​W Szwabii na południu Niemiec pewna kobieta "bez zbędnych ceregieli zwróciła się o pomoc do policji", kiedy jej sześcioletni syn odmówił pójścia do szkoły - informuje dziennik "B.Z.". Policja podjęła interwencję.

REKLAMA

Policja poinformowała, że kobieta stała ze swoim sześcioletnim synem przed szkołą podstawową, ale pierwszoklasista nie chciał wejść do szkoły. Kobieta zadzwoniła na posterunek policji w nadziei, że policja przekona jej syna o konieczności uczęszczania na lekcje.

Funkcjonariusze z komisariatu w Krumbach rzeczywiście przyjechali przed szkołę. Pytany przez funkcjonariuszy o powód niechęci do placówki oświatowej chłopiec "zeznał", że nie tyle boi się samej szkoły, co tego, że matka go z niej nie odbierze.

Według rzecznika policji, kobieta miała poprzedniego dnia spóźnić się kilka minut po syna do szkoły i chłopiec musiał trochę zaczekać, aż zostanie odebrany.
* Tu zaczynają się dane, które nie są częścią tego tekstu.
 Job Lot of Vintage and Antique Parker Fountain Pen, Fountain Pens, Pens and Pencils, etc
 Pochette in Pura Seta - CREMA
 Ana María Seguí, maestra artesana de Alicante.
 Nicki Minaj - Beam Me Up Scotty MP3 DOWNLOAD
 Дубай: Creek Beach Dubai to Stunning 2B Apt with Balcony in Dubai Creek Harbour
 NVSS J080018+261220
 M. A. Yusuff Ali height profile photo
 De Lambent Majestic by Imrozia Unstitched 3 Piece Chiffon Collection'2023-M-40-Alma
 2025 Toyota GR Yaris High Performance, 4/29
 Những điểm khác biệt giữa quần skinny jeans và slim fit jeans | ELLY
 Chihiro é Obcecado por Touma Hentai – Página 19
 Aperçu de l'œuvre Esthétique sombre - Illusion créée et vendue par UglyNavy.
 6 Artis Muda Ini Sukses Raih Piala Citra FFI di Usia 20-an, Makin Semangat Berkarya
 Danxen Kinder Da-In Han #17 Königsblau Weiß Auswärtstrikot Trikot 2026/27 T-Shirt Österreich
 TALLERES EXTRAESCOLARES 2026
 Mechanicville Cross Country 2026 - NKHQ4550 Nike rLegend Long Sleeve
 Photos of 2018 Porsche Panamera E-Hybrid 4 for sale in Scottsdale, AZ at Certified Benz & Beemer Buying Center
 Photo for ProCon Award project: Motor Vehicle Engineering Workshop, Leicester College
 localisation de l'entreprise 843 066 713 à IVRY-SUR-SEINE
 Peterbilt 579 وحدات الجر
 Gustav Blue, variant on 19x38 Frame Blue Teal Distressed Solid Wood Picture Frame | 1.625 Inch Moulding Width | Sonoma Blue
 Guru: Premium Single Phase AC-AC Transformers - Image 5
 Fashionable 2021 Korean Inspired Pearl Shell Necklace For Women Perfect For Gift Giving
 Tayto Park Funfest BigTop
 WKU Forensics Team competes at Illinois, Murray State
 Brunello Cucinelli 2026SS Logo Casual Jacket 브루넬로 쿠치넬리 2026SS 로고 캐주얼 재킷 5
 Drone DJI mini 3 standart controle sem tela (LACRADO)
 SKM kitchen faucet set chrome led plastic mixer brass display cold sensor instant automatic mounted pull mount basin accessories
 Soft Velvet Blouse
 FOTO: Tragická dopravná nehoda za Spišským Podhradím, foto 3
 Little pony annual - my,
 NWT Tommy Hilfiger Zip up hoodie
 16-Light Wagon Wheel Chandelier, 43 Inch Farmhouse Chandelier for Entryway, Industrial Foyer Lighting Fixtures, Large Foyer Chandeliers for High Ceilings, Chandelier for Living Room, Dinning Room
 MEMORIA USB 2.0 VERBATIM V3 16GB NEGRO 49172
Pierwszak "bał się, że taka sytuacja może się powtórzyć i skończy się na tym, że będzie musiał zostać w szkole" - powiedział rzecznik lokalnej policji. "Dziecko prawdopodobnie miało lęk separacyjny".

Policjanci wyjaśnili chłopcu, że szkoła nie jest taka zła. Sześciolatek był pod wrażeniem policjantów w mundurach - i podobno grzecznie poszedł do swojej klasy - pisze "B.Z."